* [Data section]:

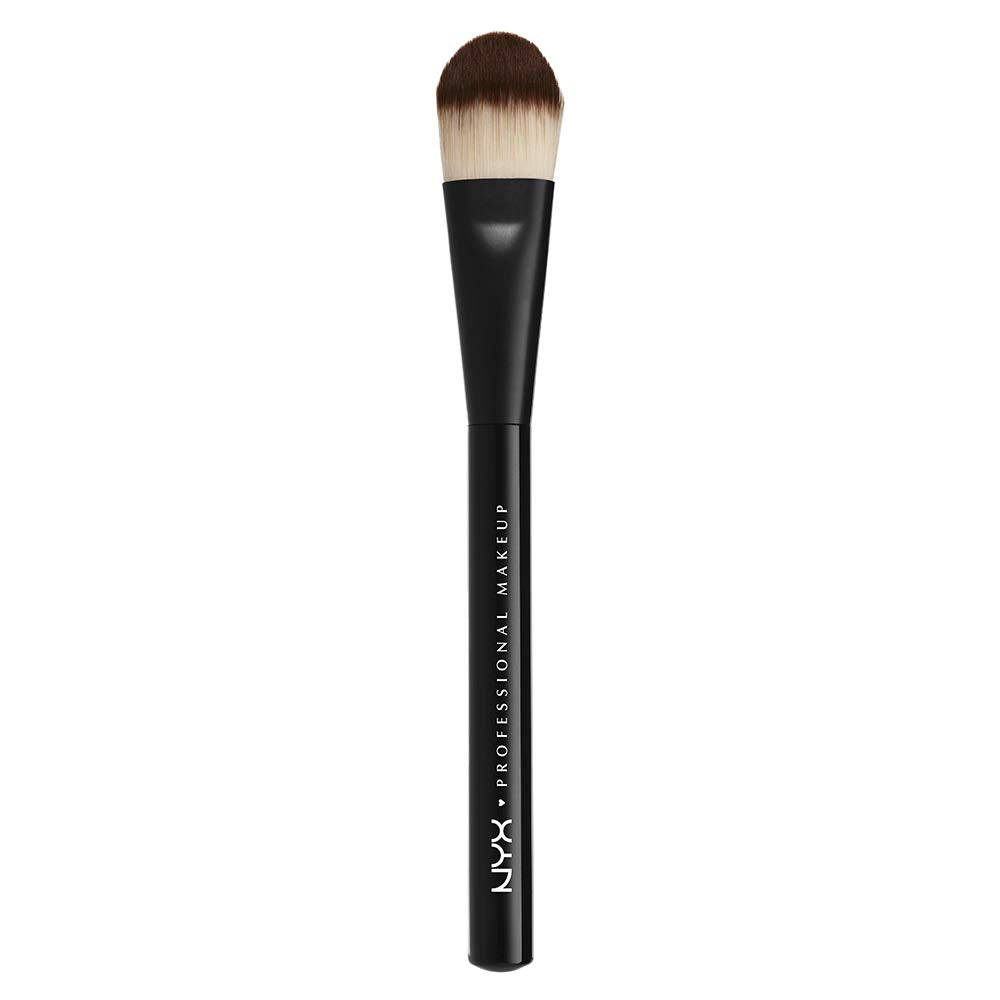 NYX PROFESSIONAL MAKEUP, Pro Flat Foundation Brush, Pro makeup brush, Tapered brush great for liquid or cream foundations, Streak-free application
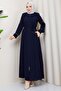 Lace-Up Embroidered Sleeve Abaya Navy Blue HM2854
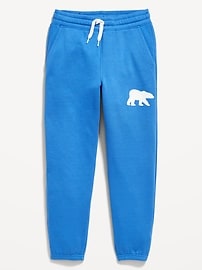 View large product image 4 of 4. Gender-Neutral Fleece Cinched Graphic Jogger Sweatpants for Kids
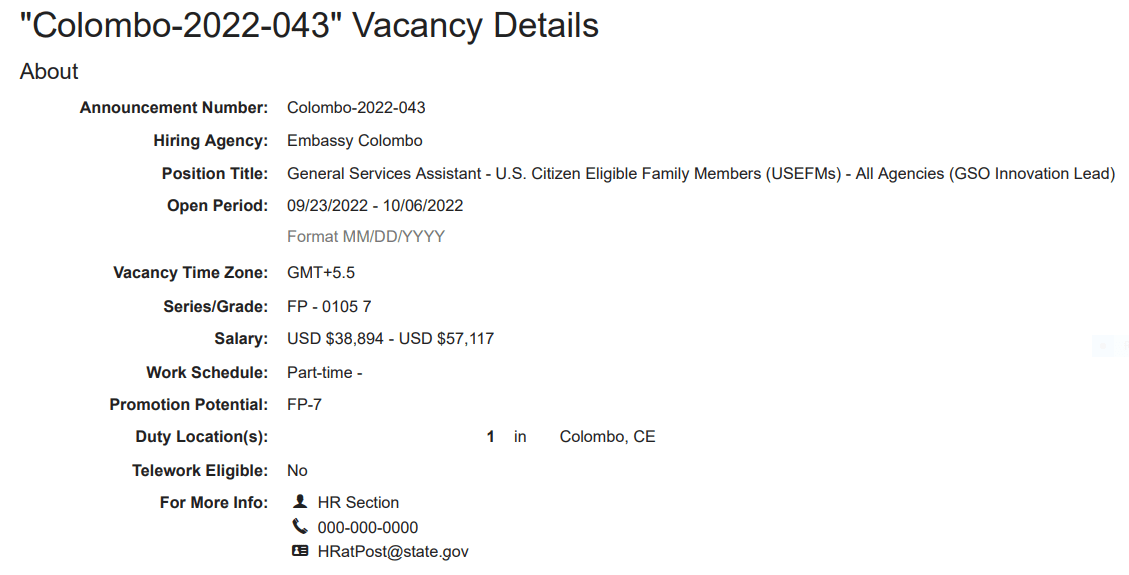 General Service Assistant Vacancies 2022 in American Embassy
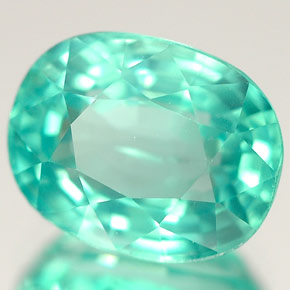 Apatite naturale verde da 4,78 ct, taglio ovale, VS
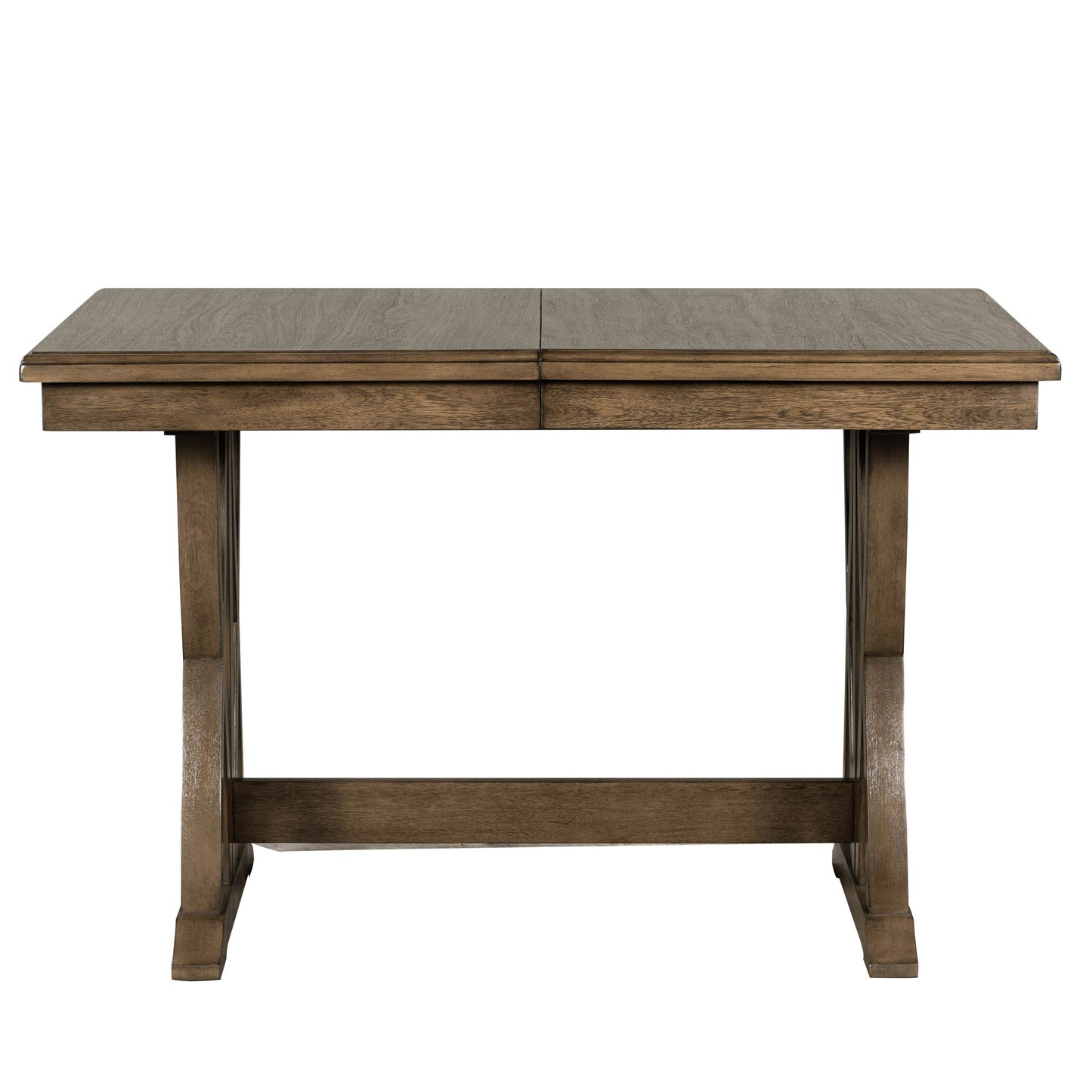 TOPMAX Mid Century Solid Wood 7-Piece Expandable Dining Table Set with Soft Cushioned Chair, Gold Brown+Gray Cushions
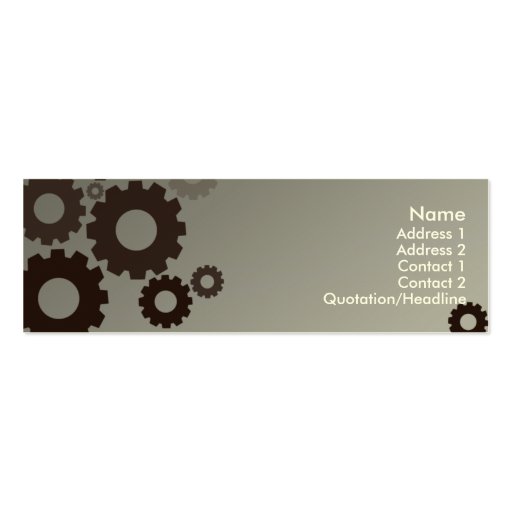 Grey Cogs - Skinny Business Card Templates (front side)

* [Aim of the exercise]: Produce an exact copy of the lines from the line containing "Apatite naturale verde" to the end of the material, both ends included, and omit every picture.

* [Response area]:
 Apatite naturale verde da 4,78 ct, taglio ovale, VS
 TOPMAX Mid Century Solid Wood 7-Piece Expandable Dining Table Set with Soft Cushioned Chair, Gold Brown+Gray Cushions
 Grey Cogs - Skinny Business Card Templates (front side)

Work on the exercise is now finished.